Internals of build.lua

As described in Build Systems a la Carte, a build system is basically a program that takes a key-value store with possibly out-of-date values and sets a desired key to it’s up-to-date value, given a set of recipes that can update any key. The architecture of build.lua is extremely similar to that of the Haskell program described on the paper, consisting of the store, the scheduler (who decides how to update the keys given their dependencies) and the rebuilder (who decides whenever to rebuild or not a given key). Each recipe is instead called a task and the set of recipes is instead a tasks function that returns the task for a given key.

Specifically, the tasks function has the form:

function tasks(key)
    return task
end

And each task function the form:

function task(fetch)
    return new_value
end

Where fetch is a function that can be called like local value = fetch(another_key) and returns the up-to-date value of said key, possibly rebuilding it.

Functors and structures

For maximum flexibility, most modules in this library use a functor pattern that I copied from the Standard ML. In this pattern, a Lua module does not return a table with it’s functions and variables as normal, but instead returns a function. This function takes several structures or functors1 as parameters and then it returns your average Lua table with functions and data.

A functor that has been applied is called a structure. While by definition all normal Lua modules count as structures, I will only call structures those who additionally follow the same API restrictions as functor-created structures.

All the APIs used by functors and structures have the same form for most of their operations:

Structure.operation(structure_instance, ...)

Let’s go through an example:

-- printer.lua -- A functor
return function(Terminal)
    local M = {}

    function M.create(terminal)
        return { my_terminal = terminal }
    end
    
    function M:print(message)
        Terminal.write(self.my_terminal, message)
        Terminal.write(self.my_terminal, "\n")
    end

    return M
end

-- terminal.lua -- A structure
local M = {}

function M.global()
    return { handle = io.stdout }
end

function M:write(text)
    self.handle:write(text)
end

return M

To use these modules together, we would do:

local Terminal = require "terminal"
local PRINTER = require "printer"
local Printer = PRINTER(Terminal)

local term = Terminal.global()
local printer = Printer.create(term)
Printer.print(printer, "hello world")

As a convention, structures are named in Camel Case when imported, while functors in UPPER CASE. Naming functors is almost never necessary as you can always do require "printer" (Terminal).

When properly executed, a good functor has almost no requires: all of them have been lifted to parameters of the functor. This basically is dependency injection. See also Dependency Injection (Wikipedia) and the NewSpeak programming language.

File Systems

Module: build.file-systems.

Right now only the build.file-systems.posix module exists. It is a structure (not a functor) with the following interface:

local Posix_File_System = require "build.file-systems.posix"
local fs = Posix_File_System.global()
Posix_File_System.change_current_directory(fs, path)
local cwd = Posix_File_System.get_current_directory(fs)
local is_a_term = Posix_File_System.is_a_terminal(fs, handle_or_fileno)
local right_now = Posix_File_System.current_time(fs)
local stat_st = Posix_File_System.get_stats(fs, path)
local mtime = Posix_File_System.get_mtime(fs, path)
local res = Posix_File_System.run_wait(fs, program, args, config)
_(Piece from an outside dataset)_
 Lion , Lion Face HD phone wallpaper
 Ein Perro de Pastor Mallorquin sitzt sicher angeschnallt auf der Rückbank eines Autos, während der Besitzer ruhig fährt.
The global() function returns an instance of the file system. As this module uses luaposix there is no such thing as multiple “file systems” and you can only use the global one.


Why even bother with making the file system swappable like this? Well, for one, not all POSIX file systems are “global” and always available. Imagine for example that you want to run this over WebAssembly which uses a capability-based model. Then you could write your own Posix_File_System that has a different constructor than global() but has all the same functions.
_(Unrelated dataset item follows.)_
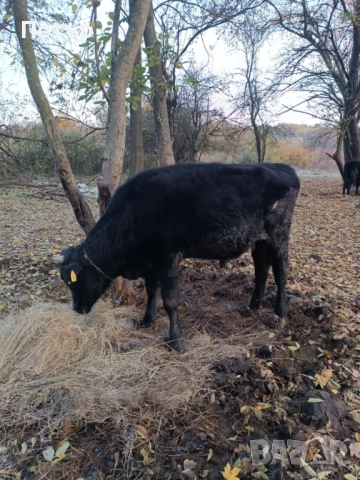 Продавам крави и телета, снимка 9 - Други животни - 51890171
Second, by explicitly documenting which parts of build.lua assume a POSIX file system and which don’t, I make it easier for you to know which parts need porting if you want to take advantage of a different, incompatible file system.


The next functions are all simple: change_current_directory() does what its name says (it’s basically a Lua version of cd), get_current_directory() is similar, being a Lua version of pwd, is_a_terminal() returns true or false depending on the handle or fileno is a tty (see isatty(3)), current_time() returns the current time in seconds since the epoch. get_stats() gets the stat structure of a path. It must return a table like the one used by luaposix.

get_mtime() is a subset of get_stats(): it only returns the st_mtime field.

run_wait() is the most complex of all: it runs and waits for a program to execute, possibly capturing its stdout: It can be called like this: local exit_code = Posix_File_System.run_wait(fs, program, args) where program is a string with the program name (to be searched on the PATH) and args a sequential table (array) with the arguments to pass. It must return the exit code of the program.

But it can also be called like this: local result = Posix_File_System.run_wait(fs, program, args, { capture_stdout = true }). When this is done the result is no longer a number but instead a table with the fields exit_code and stdout. exit_code is the same than before and stdout is a string with all of the standard output of the subprocess.

Stores

Module: build.stores.

Interface:

-- For a given `Store` and `store` instance
Store.put(store, key, value)
local value = Store.get(store, key)
local value, found = Store.try_get(store, key)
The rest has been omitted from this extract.